Canada's aerospace industry utilized a number of creative alternatives to minimize the number of layoffs following 9/11, says Pau, including reduced work weeks. In some cases, the Canadian government provided unemployment benefits to make up for decline in working hours. Although offering reduced hours is "a very gentle" way to cut costs, says Raim, it often won't free up enough resources to avoid layoffs.
Pau believes more companies, even those that ultimately end up making staff cuts, are trying alternatives first. The decision of whether to lay off employees usually hinges on how long a company thinks an economic downturn will last. Canadian companies are resisting layoffs because competition for talent has been intense while the country enjoyed a period of high unemployment during the past few years.
"What companies have learned, I think, is that they've had to stand out as a great employer," says Pau. "As economic conditions worsen, I think this still plays in the back of their minds. They'll still need to be an employer of choice in tough times because when things turn around, they'll need to be able to attract people."
Cappelli doesn't agree with Pau. "I think (companies will) stick to layoffs. I don't see companies with any interest in being creative right now or worrying about the long term. By that I mean further out than the next couple of quarters," he says.
Using layoff alternatives requires the support and involvement of senior managers and the board of directors, "which is sometimes difficult to get," says Pau. In addition to gaining that support, she stresses the importance of determining which options make the most sense for your company. "You want to pick one or two and stick with them, because it'll put the company into a tailspin otherwise. If you come in every few weeks with another option, that's going to hurt morale."
If possible, says Pau, it's a good idea to garner feedback from employees on the available alternatives before making a final choice.
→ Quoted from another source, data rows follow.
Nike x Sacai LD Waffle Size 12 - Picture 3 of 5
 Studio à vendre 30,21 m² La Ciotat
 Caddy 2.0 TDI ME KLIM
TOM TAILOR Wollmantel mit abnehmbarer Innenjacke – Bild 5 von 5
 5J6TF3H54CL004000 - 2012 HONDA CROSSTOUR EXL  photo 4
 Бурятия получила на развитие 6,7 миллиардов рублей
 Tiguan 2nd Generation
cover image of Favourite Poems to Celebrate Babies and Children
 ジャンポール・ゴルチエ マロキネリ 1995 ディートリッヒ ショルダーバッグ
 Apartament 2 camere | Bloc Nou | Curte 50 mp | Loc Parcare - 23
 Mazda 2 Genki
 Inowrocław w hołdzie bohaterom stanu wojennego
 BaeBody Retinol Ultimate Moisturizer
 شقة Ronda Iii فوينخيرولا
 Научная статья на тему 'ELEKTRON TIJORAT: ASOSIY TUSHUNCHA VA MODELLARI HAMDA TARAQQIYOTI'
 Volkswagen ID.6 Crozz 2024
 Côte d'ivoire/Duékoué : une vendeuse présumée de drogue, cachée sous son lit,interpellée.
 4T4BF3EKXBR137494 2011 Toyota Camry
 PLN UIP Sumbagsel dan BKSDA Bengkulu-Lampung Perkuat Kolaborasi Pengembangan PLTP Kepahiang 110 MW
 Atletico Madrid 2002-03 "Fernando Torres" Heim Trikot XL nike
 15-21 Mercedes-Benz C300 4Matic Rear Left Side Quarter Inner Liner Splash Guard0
Offering voluntary separation and/or early retirement was one of the most consistently successful layoff alternatives used by companies with whom she's worked, says Pau. Raim agrees this strategy can work well. Employees who volunteer to leave generally won't initiate legal action against their former employer, and remaining employees feel better about their positions since a choice was offered.
The primary caveat to this approach, says Raim: "Unless the actions are designed and administered well, you risk losing people you wanted to keep."
Somewhat less successful, says Raim, are across-the-board salary reductions, which can erode morale. "High performers feel the company is keeping lots of people who are underperformers at the expense of the good performers."
Other alternatives mentioned by Raim: working with those who have accepted jobs but not yet begun work to postpone start dates; freezing intern/summer/new college graduate hiring; and prohibiting managers to "back fill" for employees who quit. While the latter option is an easy and gradual way to begin shrinking headcount, she says, it may mean people end up in positions for which they aren't well suited. "This leads to managers asking for exceptions to the prohibition which causes hard feelings and may make the exceptions swallow up the rule."
Though alternatives such as reduced hours or salary cuts may be preferable to layoffs, Raim says companies should remember that they may still impose hardships on employees. "It's about minimizing the pain, not eliminating it. At the end of the day, you are still asking employees to take actions that aren't likely to benefit them."